| Task requirements |
Word for word, restate the lines of the listing below from the line with "Used Haval M6" through the line with "MBeauty Cosmetic bag", and do not include the pictures.
━━━━━ Material shown ━━━━━
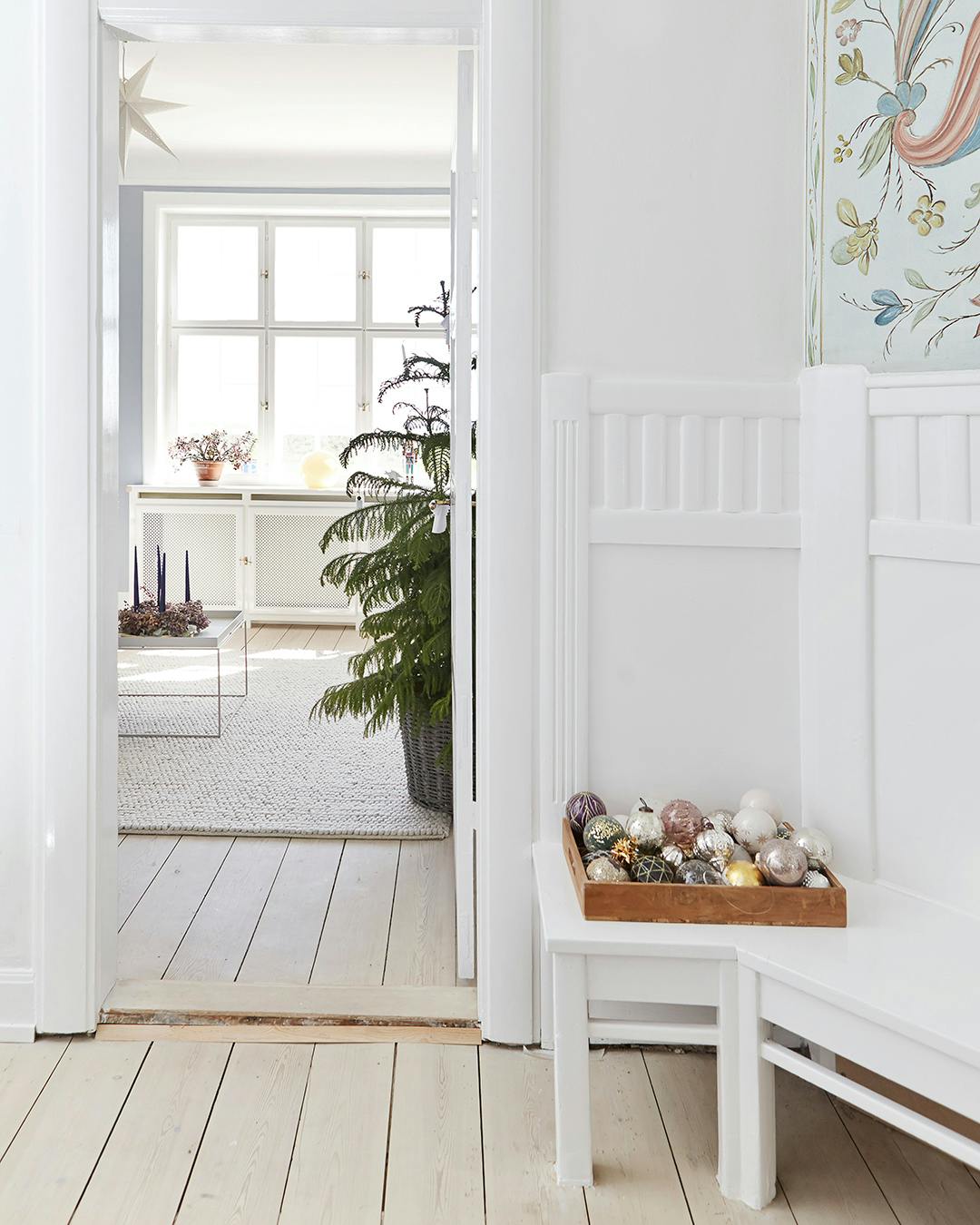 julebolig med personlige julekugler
━━━━━
━━━━━ Material shown ━━━━━
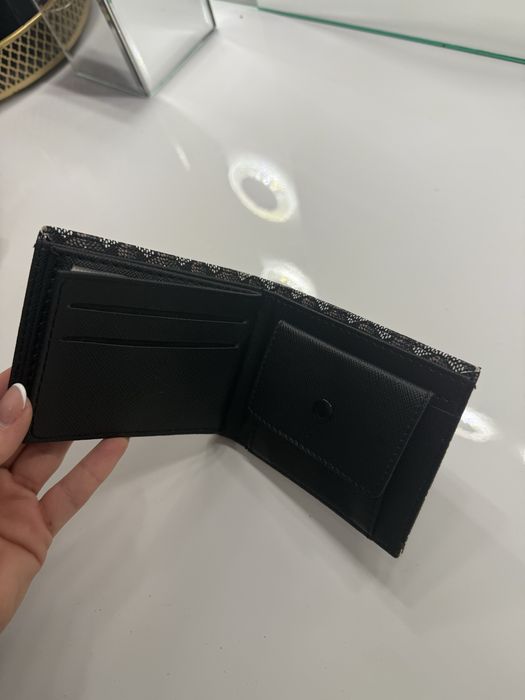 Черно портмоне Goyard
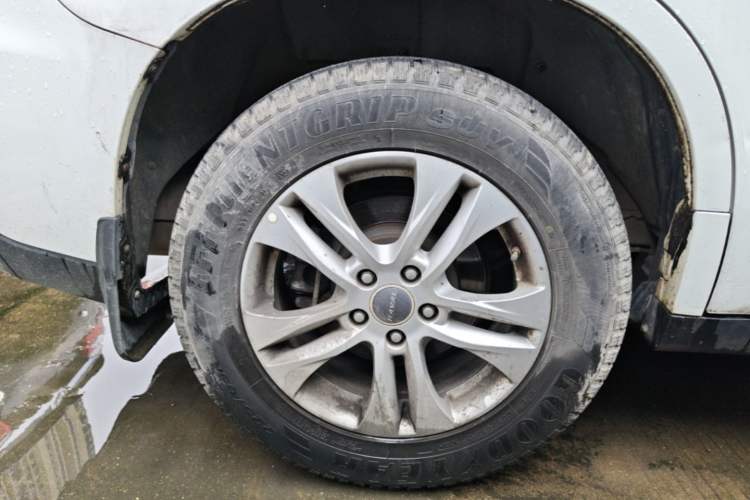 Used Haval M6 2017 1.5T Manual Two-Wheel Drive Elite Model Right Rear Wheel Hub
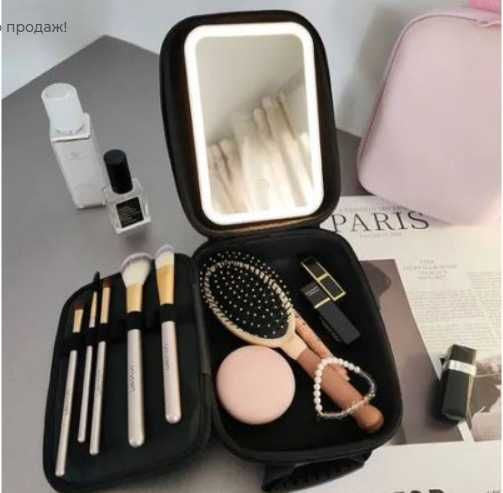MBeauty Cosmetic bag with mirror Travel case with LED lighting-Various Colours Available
━━━━━
━━━━━ Material shown ━━━━━
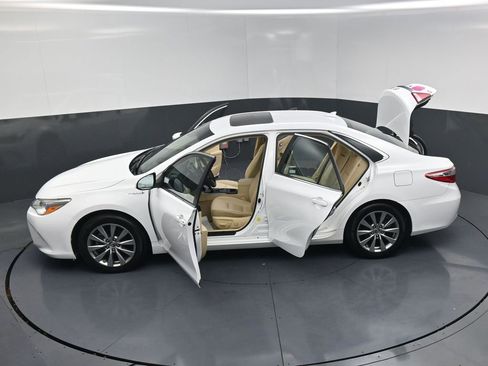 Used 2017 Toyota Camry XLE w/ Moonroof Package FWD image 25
━━━━━
| Answer box |
 Used Haval M6 2017 1.5T Manual Two-Wheel Drive Elite Model Right Rear Wheel Hub
MBeauty Cosmetic bag with mirror Travel case with LED lighting-Various Colours Available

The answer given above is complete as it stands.